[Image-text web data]
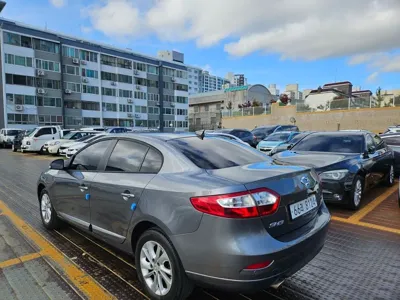 Renault-KoreaSamsung SM3 2016, 124423 км, за 2600000 KRW - фото 6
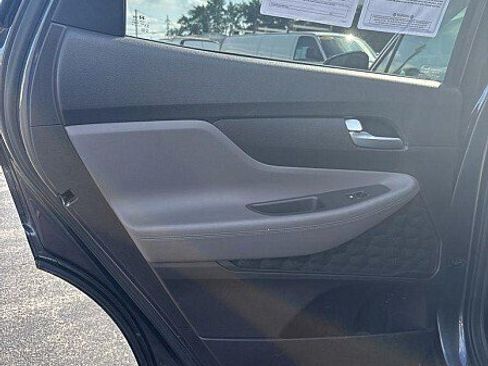 Used 2020 Hyundai Santa Fe SEL FWD image 36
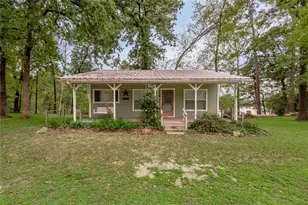 318 Timberline Dr, Trinity, TX 75862 - Photo 1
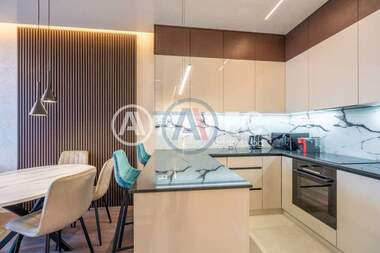 For sale - Apartment in Boiana,  Sofia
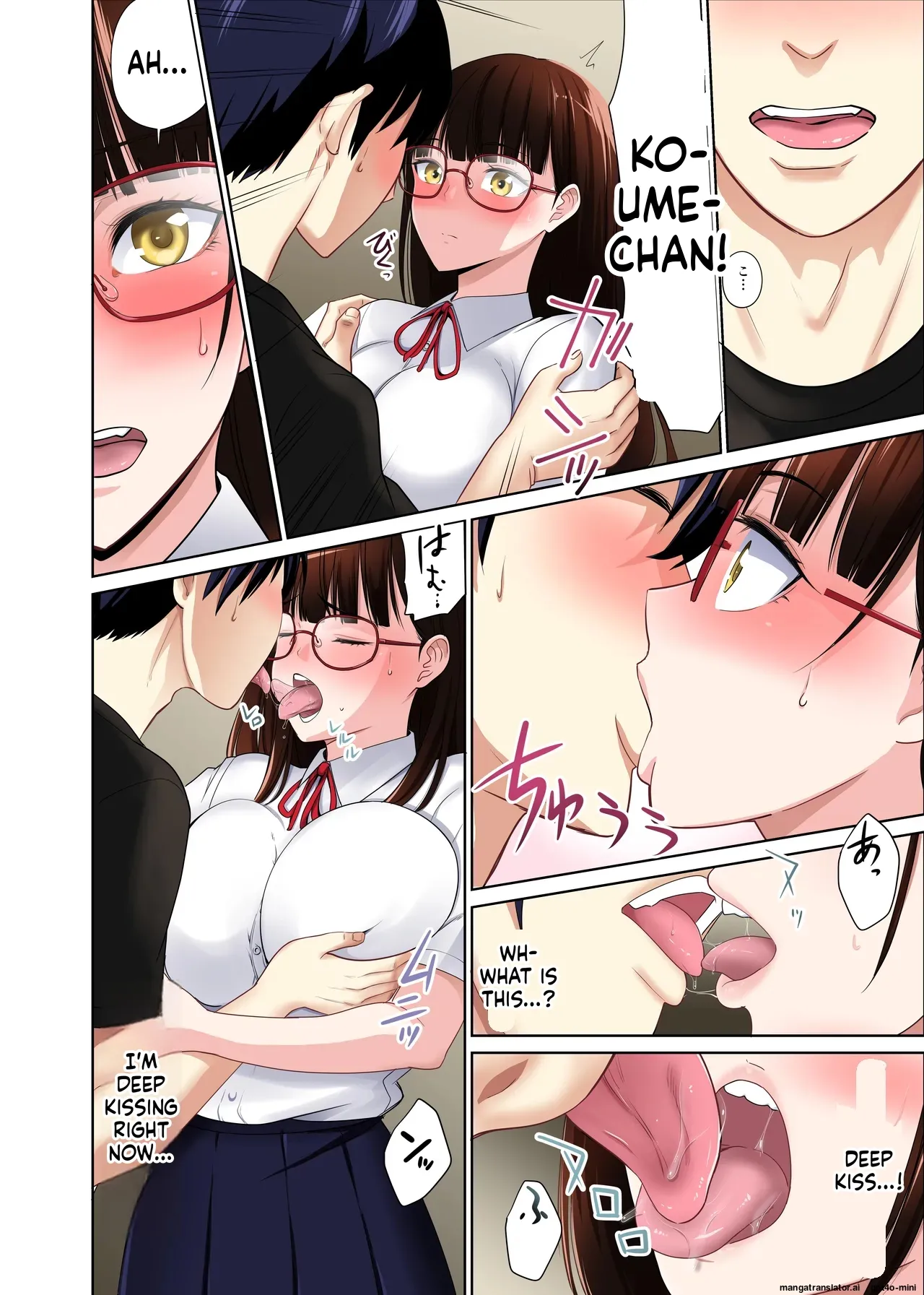 [Abbey Load (RYO)]Hikkoshita Saki no Rinjin wa, Oppai no Ooki na Totemo Ecchi na Okaa-san deshita 2[MTL] Page 35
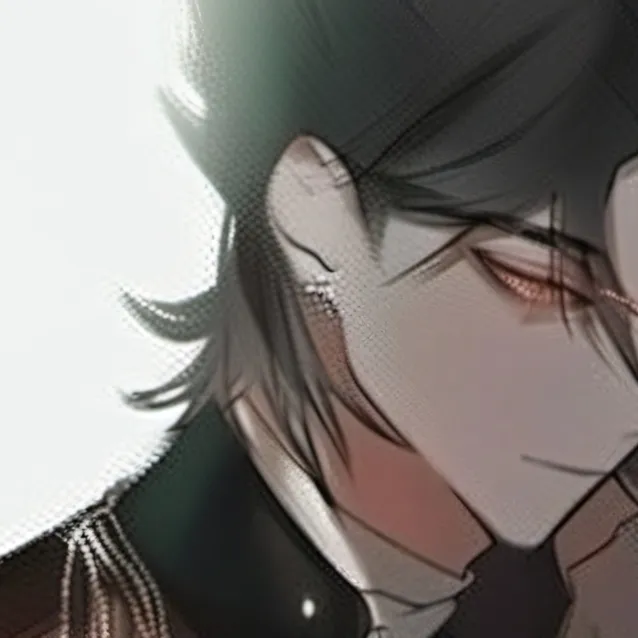 chat with ai character: Judas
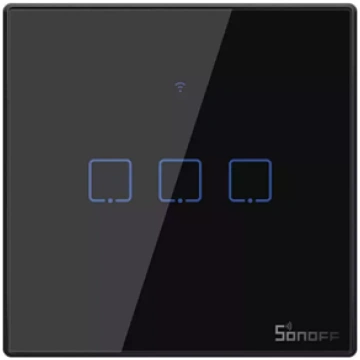 Sonoff T3 Smart Switch IM190314020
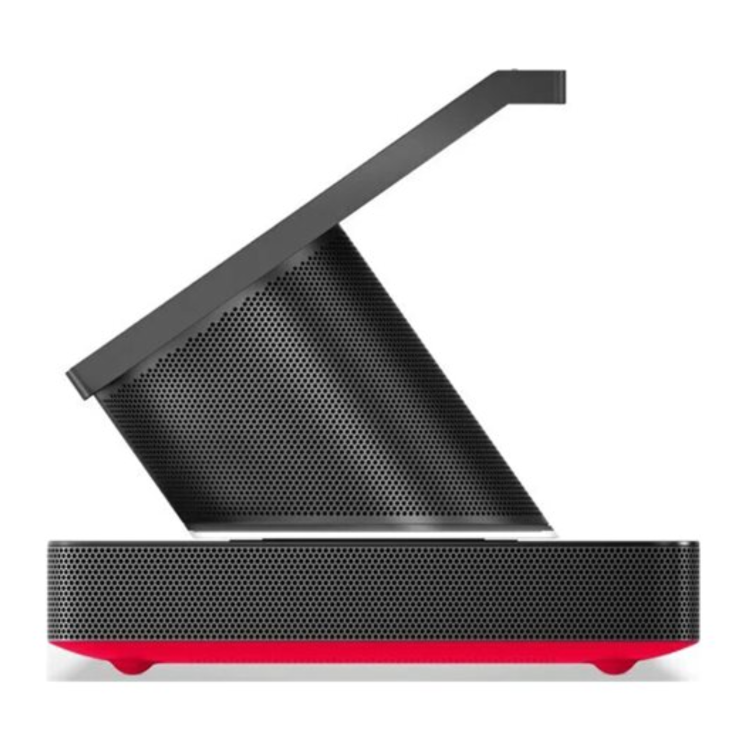 Lenovo ThinkSmart Hub 500 All in One for Video Conferencing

§ WHAT THIS TASK INVOLVES
Hand back the data above exactly, leaving out all pictures.

§ TASK RESULT
 Renault-KoreaSamsung SM3 2016, 124423 км, за 2600000 KRW - фото 6
 Used 2020 Hyundai Santa Fe SEL FWD image 36
 318 Timberline Dr, Trinity, TX 75862 - Photo 1
 For sale - Apartment in Boiana,  Sofia
 [Abbey Load (RYO)]Hikkoshita Saki no Rinjin wa, Oppai no Ooki na Totemo Ecchi na Okaa-san deshita 2[MTL] Page 35
 chat with ai character: Judas
 Sonoff T3 Smart Switch IM190314020
 Lenovo ThinkSmart Hub 500 All in One for Video Conferencing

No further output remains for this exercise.